宅基地确权对农户城市落户的影响研究

2022-09-16 02:11安海燕
南方农村 2022年4期
关键词:落户宅基地变量

李 琴,安海燕

(贵州大学 经济学院,贵州 贵阳 550025)

一、引言

农村人口城市转移是各国经济发展、产业调整的必然规律[1]。但异于国外就业与居住地统一的转移,我国在转移过程中出现了“流而不迁”的特征[2]。2020年国家统计数据指出,2019年,我国常住人口城镇化率为60.6%,而户籍人口城镇化率却仅为44.38%。

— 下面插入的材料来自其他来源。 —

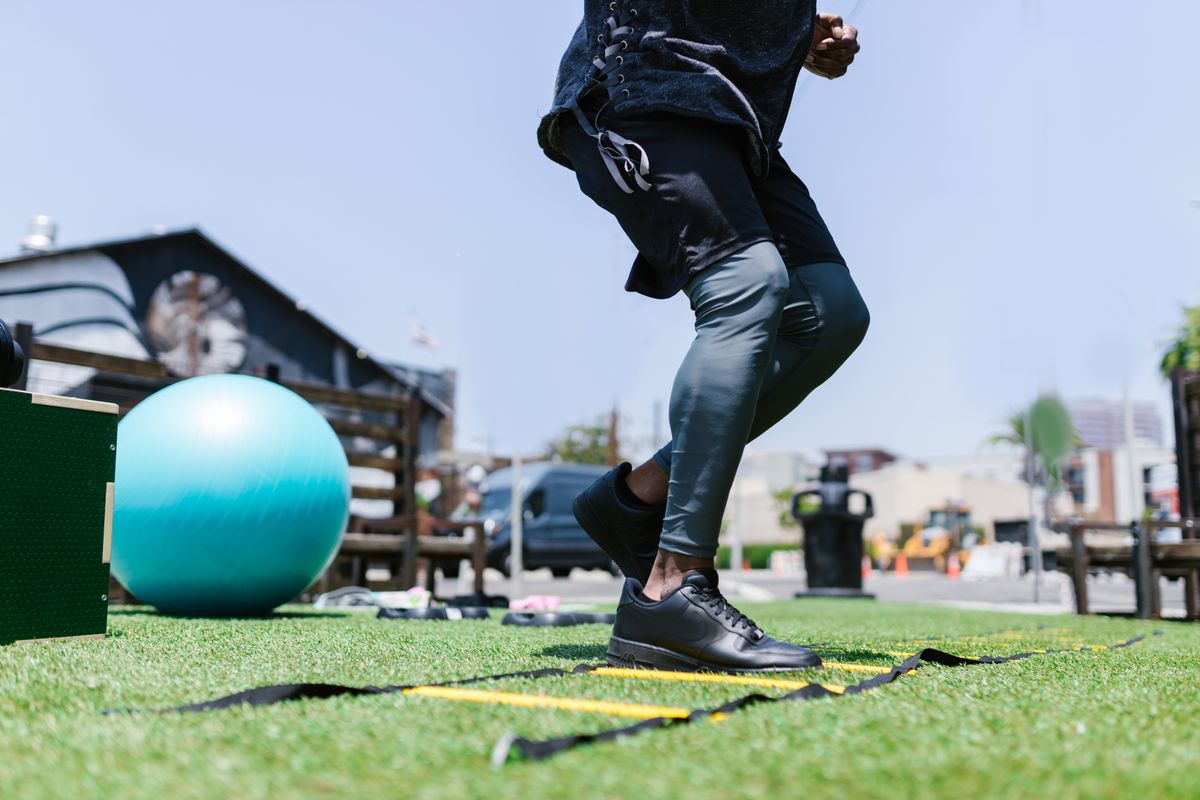 Athlete training with an agility ladder and fitness equipment outdoors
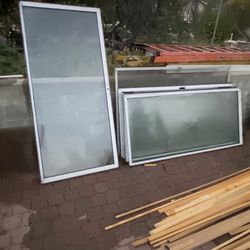 5 dual glazed sliding glass doors out of 6’x6-8 frame glaze is approximately 33.5”x75” take all 5 for $100 cash some seals are still good no broken gl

为此,国家推出了一系列的户籍、土地制度改革。2018年《中华人民共和国农村土地承包法》(以下简称“新承包法”)提出“国家保护进城农户的土地承包经营权,不得以退出土地承包经营权作为进城落户条件”,解除农地对城市落户的约束,通过降低落户成本,推动农户的城市落户。

宅基地作为农户农地资产之一,受到了学术界的关注。已有研究表明,宅基地确权抑制了农户城市落户行为[3-5]。钱龙等指出,宅基地确权通过影响农户的心理预期、心理安全感,最终负向影响农户的城市迁移活动[6]。而制度调整后,解除了城市落户的农地损失后,该结论是否还成立,该问题的研究不仅对提高我国城镇化有着理论贡献,还对检验新承包法的效果具有一定的现实意义。

已有文献为本文研究提供了重要参考价值,但鲜有新承包法后的城市落户研究,基于此本文将对以下内容进行拓展研究。第一,将研究视角从新承包法前以“土地归还为落户代价”转变到新承包法生效后的相关研究;第二,已有文献大多都是针对城市农民工进行研究的,但在中国农村也还存在许多就近非农务工的群体,本文将研究对象从传统的农民工群体扩大到整个非农务工农户群体;第三,已有文献多是对宅基地拥有情况进行研究,鲜有从宅基地确权入手,本文将主要研究宅基地确权对农户城市落户的影响。

二、理论基础与研究假设

(一)宅基地确权与农户城市落户的影响

从“推—拉理论”视角来看,目前农户城市落户的选择并不突出,一方面是由于城市推力因素造成的影响,另一方面则是由于农村拉力因素产生的影响。费孝通认为从基层上看去,中国社会是乡土性的[7]。而在农村,土地是最重要的生产和生计手段,也是农民赖以生存和发展的基础[8]。绝大多数农户不愿意将自己的户口“非农化”,最主要原因是受土地资源因素的影响[9-10]。土地资源附带的社会保障和生产生活双重功能给了农户一个最低保障,这一保障在很大程度上可以抵御城市落户失败风险。一方面,随着农村土地改革的深入和乡村振兴战略的实施,农村土地的价值不断攀升,农户通过务农带来一定的农业生产性收入外,还可以通过土地流转、抵押和股份合作等形式获得财产性收入。基于四川调查数据分析也认为农户落户城镇意愿低的主要原因是难以舍弃农村承包地、宅基地等既得利益[11]。另一方面,农民工在城市中往往处于非正规的就业状态,无法实现市民身份的转变,享受不到与城镇居民同等的社会保障权利,因此仍然要依赖于土地,这不仅仅是土地资源经济利益最大化的驱动,更是农民工应对未来不确定性、抵御风险实现最小化的一种理性反应。研究指出住房获取成本的提升对高收入人群的居留意愿具有显著的抑制作用[12],但由于新承包法后的落户条件中不以退出土地为落户代价,农民依旧享有承包地的经营权,这使得他们进退有路,就算在城市不能体面地生活下去,依旧可以回到农村从事农业工作。新承包法实施后,农户的城市落户意愿显著提高,有26.3%的农户从不愿意转变为愿意城市落户[13]。基于此,提出本文的假说1。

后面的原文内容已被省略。